The housemaid coming in just then, I begged her to carry me up to the tower-room, putting aside for the moment the fear I had always had, before my cousins came, of trusting myself to any one but father.

When we reached our den the children were standing by the chest, which was open, and was empty.

"He has been here," said Rupert; "see how the things are pressed down."

"I don't believe he could get in," said I; "it isn't long enough."

But my doubts were silenced by Kathleen stooping and lifting from one corner a handkerchief stained with blood, which was still wet.

"This is Harold's!" she cried. "Whatever has happened to him!"

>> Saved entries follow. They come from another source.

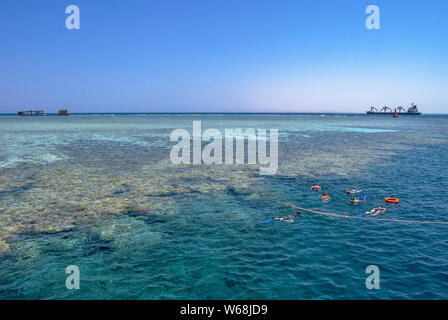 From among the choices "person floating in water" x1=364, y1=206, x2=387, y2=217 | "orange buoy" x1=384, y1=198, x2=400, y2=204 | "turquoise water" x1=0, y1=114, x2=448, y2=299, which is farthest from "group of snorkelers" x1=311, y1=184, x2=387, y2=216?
"orange buoy" x1=384, y1=198, x2=400, y2=204

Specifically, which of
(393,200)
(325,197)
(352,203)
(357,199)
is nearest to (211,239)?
(325,197)

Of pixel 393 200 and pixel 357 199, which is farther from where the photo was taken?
pixel 357 199

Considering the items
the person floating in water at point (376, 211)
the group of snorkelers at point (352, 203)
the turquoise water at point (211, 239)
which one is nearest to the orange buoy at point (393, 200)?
the turquoise water at point (211, 239)

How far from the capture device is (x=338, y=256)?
12.1 metres

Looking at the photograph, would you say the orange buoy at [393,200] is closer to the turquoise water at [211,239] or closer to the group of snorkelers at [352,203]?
the turquoise water at [211,239]

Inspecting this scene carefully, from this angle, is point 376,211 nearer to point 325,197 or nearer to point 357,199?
point 357,199

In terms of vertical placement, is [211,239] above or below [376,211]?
below

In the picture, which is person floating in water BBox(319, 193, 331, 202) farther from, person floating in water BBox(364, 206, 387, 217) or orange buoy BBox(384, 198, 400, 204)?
orange buoy BBox(384, 198, 400, 204)

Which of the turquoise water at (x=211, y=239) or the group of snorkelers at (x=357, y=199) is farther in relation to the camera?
the group of snorkelers at (x=357, y=199)

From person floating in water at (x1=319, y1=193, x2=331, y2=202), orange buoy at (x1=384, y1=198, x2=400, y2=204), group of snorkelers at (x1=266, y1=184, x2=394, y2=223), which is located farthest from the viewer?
person floating in water at (x1=319, y1=193, x2=331, y2=202)

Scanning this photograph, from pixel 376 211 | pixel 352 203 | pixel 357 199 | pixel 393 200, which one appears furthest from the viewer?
pixel 357 199

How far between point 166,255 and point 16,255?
6.42 meters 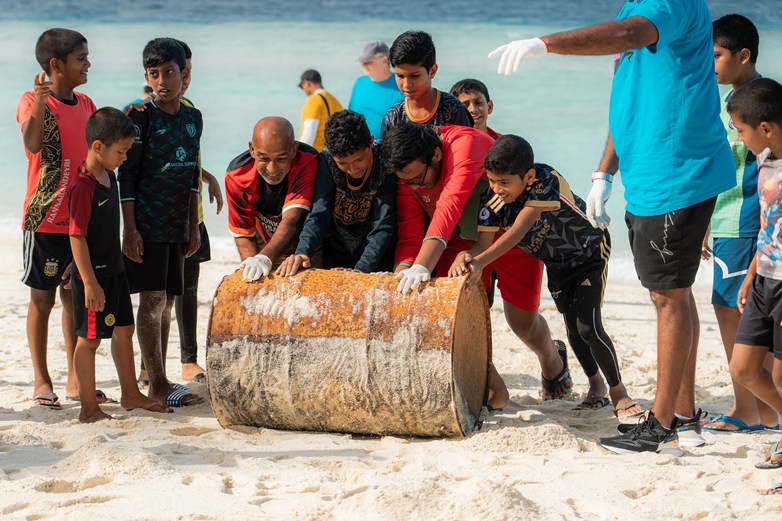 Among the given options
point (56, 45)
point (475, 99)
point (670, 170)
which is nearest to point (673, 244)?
point (670, 170)

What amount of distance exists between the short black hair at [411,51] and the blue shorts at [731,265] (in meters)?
1.74

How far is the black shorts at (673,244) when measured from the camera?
4145 mm

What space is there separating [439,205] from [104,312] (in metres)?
1.71

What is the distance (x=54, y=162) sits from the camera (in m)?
5.05

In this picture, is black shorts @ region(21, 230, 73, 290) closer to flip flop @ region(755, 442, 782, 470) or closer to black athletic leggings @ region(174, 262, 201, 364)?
black athletic leggings @ region(174, 262, 201, 364)

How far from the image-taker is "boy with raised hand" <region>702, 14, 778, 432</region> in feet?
15.6

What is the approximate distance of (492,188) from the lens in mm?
4699

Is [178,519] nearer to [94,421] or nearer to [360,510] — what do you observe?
[360,510]

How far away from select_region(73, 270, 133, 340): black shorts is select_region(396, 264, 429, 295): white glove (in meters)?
1.44

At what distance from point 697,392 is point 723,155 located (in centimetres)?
203

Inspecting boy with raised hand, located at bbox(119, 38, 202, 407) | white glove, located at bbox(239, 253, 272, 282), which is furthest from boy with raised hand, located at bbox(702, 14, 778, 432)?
boy with raised hand, located at bbox(119, 38, 202, 407)

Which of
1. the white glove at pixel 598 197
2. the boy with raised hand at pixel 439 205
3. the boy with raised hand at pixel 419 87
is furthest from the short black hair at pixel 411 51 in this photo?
the white glove at pixel 598 197

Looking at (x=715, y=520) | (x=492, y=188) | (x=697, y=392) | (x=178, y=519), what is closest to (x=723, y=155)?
(x=492, y=188)

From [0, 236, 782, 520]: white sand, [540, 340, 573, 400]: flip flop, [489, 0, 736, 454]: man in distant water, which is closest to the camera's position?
[0, 236, 782, 520]: white sand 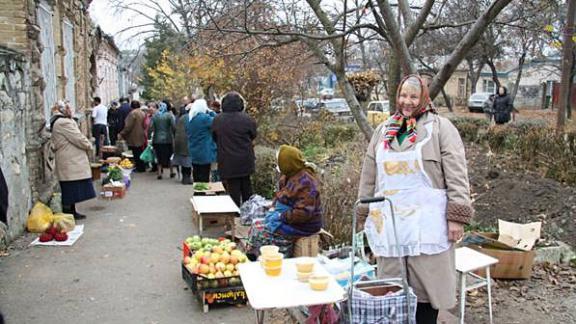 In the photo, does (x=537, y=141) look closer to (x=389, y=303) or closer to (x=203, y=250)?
(x=203, y=250)

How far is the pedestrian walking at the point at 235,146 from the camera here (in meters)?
7.61

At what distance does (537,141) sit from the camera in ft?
32.1

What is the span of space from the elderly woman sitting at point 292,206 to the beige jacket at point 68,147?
3.82 meters

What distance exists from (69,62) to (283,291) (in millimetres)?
10314

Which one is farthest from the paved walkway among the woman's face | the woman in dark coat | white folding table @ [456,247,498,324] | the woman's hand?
the woman in dark coat

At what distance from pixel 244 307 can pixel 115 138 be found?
1229 cm

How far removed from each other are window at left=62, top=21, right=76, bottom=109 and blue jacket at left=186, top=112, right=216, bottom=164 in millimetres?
3378

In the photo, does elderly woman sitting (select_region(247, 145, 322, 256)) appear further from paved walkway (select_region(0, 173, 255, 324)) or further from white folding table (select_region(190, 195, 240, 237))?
white folding table (select_region(190, 195, 240, 237))

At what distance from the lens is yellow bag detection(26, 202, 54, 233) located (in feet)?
24.2

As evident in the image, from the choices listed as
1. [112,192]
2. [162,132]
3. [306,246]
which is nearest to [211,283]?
[306,246]

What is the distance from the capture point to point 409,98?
3.48 m

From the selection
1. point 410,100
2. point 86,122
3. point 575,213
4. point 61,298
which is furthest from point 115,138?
point 410,100

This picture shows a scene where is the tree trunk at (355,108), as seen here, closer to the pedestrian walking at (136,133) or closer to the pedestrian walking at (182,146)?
the pedestrian walking at (182,146)

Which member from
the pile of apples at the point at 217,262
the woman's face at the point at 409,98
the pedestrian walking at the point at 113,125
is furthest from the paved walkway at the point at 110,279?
the pedestrian walking at the point at 113,125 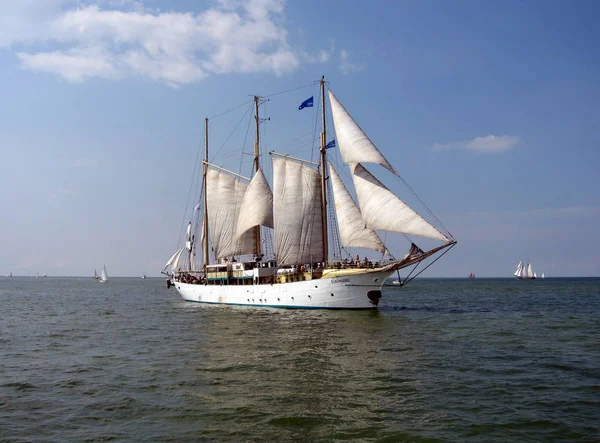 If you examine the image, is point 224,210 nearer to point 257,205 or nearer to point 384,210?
point 257,205

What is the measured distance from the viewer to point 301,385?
1688cm

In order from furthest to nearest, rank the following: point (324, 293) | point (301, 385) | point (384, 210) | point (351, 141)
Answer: point (351, 141) < point (324, 293) < point (384, 210) < point (301, 385)

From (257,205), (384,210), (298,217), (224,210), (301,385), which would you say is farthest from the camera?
(224,210)

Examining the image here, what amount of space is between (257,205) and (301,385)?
1687 inches

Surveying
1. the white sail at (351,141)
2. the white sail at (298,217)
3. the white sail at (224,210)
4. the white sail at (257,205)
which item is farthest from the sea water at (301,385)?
the white sail at (224,210)

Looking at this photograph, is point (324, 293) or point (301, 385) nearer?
point (301, 385)

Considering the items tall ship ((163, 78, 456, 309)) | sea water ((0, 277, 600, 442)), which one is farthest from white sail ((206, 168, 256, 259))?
sea water ((0, 277, 600, 442))

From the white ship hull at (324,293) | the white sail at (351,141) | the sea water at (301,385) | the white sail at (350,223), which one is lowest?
Answer: the sea water at (301,385)

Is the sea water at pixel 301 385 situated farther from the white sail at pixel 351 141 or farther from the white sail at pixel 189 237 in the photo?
the white sail at pixel 189 237

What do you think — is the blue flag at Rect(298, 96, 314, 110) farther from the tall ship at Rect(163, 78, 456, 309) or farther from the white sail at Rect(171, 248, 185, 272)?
the white sail at Rect(171, 248, 185, 272)

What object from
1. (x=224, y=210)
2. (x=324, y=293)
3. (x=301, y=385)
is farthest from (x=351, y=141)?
(x=301, y=385)

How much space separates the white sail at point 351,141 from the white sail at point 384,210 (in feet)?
4.22

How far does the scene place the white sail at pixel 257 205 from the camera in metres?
58.7

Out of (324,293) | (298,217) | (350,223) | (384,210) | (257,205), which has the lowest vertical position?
(324,293) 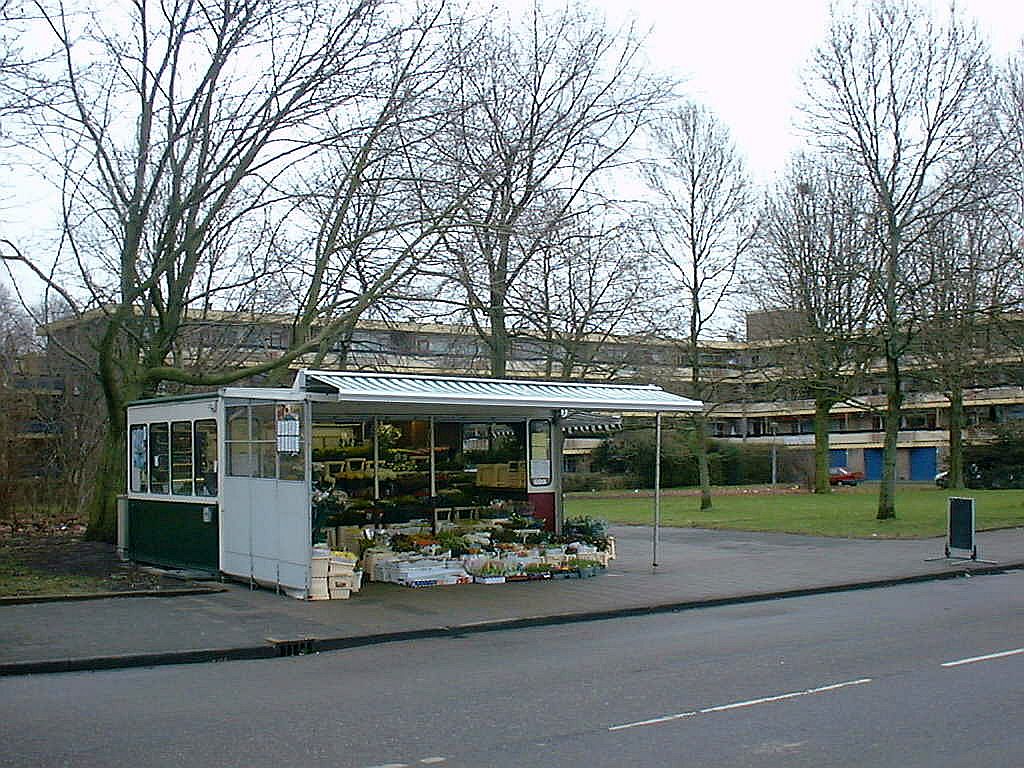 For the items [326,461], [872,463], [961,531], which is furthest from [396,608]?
[872,463]

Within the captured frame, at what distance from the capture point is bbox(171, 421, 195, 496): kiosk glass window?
18.9 m

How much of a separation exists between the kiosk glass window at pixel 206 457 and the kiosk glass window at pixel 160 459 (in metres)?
1.01

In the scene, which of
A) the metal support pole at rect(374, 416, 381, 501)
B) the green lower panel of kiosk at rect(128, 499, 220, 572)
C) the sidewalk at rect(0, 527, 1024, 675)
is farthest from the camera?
the metal support pole at rect(374, 416, 381, 501)

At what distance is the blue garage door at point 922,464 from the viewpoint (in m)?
79.4

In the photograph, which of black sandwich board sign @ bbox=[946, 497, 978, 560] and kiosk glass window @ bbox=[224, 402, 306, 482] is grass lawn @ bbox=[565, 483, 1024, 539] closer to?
black sandwich board sign @ bbox=[946, 497, 978, 560]

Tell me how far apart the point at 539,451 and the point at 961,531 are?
25.6 feet

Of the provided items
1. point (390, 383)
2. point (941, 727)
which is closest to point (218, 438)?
point (390, 383)

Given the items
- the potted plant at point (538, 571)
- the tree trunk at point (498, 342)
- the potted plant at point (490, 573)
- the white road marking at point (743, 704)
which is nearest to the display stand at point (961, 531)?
the potted plant at point (538, 571)

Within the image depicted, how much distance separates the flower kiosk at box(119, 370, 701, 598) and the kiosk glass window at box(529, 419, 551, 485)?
0.03m

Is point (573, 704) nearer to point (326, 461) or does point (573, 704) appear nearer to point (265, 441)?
point (265, 441)

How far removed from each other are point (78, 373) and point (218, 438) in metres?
19.3

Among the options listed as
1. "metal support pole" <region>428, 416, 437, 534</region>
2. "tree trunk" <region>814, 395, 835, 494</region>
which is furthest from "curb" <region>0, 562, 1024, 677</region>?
"tree trunk" <region>814, 395, 835, 494</region>

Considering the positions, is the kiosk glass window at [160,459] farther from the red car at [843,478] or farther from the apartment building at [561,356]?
the red car at [843,478]

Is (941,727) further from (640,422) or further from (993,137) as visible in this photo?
(640,422) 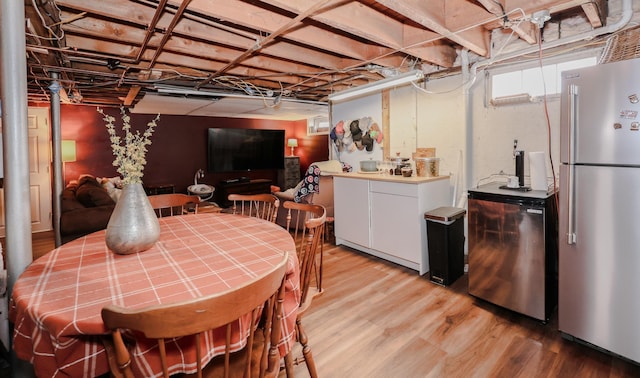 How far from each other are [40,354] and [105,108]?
6.63 metres

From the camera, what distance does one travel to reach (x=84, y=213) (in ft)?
10.4

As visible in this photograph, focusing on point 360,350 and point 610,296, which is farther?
point 360,350

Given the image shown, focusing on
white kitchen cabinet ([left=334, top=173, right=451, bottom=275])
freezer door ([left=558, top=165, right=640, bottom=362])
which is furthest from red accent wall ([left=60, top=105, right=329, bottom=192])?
freezer door ([left=558, top=165, right=640, bottom=362])

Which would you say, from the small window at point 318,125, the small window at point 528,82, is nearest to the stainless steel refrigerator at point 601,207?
the small window at point 528,82

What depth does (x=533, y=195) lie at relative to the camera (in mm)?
2318

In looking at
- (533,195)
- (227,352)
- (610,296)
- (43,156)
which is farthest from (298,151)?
(227,352)

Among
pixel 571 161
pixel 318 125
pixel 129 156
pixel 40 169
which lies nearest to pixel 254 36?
pixel 129 156

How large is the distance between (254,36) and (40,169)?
16.8 ft

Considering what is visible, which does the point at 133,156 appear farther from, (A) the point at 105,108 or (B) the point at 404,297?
(A) the point at 105,108

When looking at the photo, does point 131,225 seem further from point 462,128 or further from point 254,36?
point 462,128

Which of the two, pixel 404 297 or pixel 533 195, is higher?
pixel 533 195

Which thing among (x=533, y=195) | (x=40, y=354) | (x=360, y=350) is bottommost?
(x=360, y=350)

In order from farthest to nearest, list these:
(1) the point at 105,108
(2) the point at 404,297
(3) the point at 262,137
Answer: (3) the point at 262,137, (1) the point at 105,108, (2) the point at 404,297

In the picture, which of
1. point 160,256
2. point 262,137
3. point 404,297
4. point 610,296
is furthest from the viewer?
point 262,137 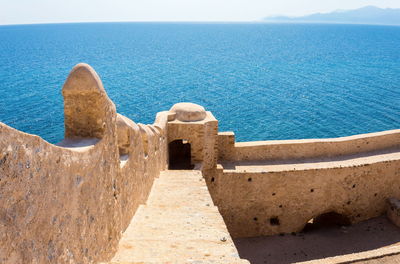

"His nose has been bleeding," said Jack, promptly; "you know it often does. It would be enough to make a mummy's nose bleed to be shut up in that old chest. I wish I had never told him what a splendid place it would be to hide in. It seems I'm always to be at the bottom of the mischief. We shouldn't have gone in that boat if I had not suggested fishing, and Edric would still have had five fingers on each hand if I hadn't fired the gun. Now poor old Harold will get into a scrape for hiding so long, just because I went and showed him how the spring of the chest worked, after I had ferreted it out myself. Halloa, what are you about, Rupert? Don't kill me; I didn't mean any harm."

Rupert had suddenly sprung at Jack, and seizing him by the arm almost screamed out—

"Spring, did you say? Then it can't be opened from the inside."

In another moment Rupert had flung out the few odds and ends of old clothing which were in the bottom of the chest, and sprang into it; as he did so, his heels made a strange, hollow sound, which caught my attention. He was rather tall for his age, and had to double himself up in a way that would have delighted the heart of his gymnasium master before he could say—

"Now shut it down, quick, and I'll see if I can open it; but mind you undo the spring directly I give three knocks."

Of course, he could do nothing; the box could only be opened from the outside by pressing the springs. We were glad enough to reply, to his signal, and release the prisoner. Then we all stood with puzzled faces looking at the open chest.

"What have you been up to?" said a cheery voice, and never were we more relieved to see my mother. She listened gravely and quietly to our account.

"If he has really been in that box, and the handkerchief certainly seems to prove it, then some one must have got him out. Perhaps one of the servants did. Let us go and inquire. You had better all come downstairs; you look as white as the miller. There's nothing much to be frightened at, after all. If Harold were able to get out of the chest, he certainly was not smothered. As to his nose bleeding, you know that won't hurt him. Perhaps he is asleep in bed; have you looked?"

"We've ransacked every room in the house, and the servants have not seen him since six o'clock."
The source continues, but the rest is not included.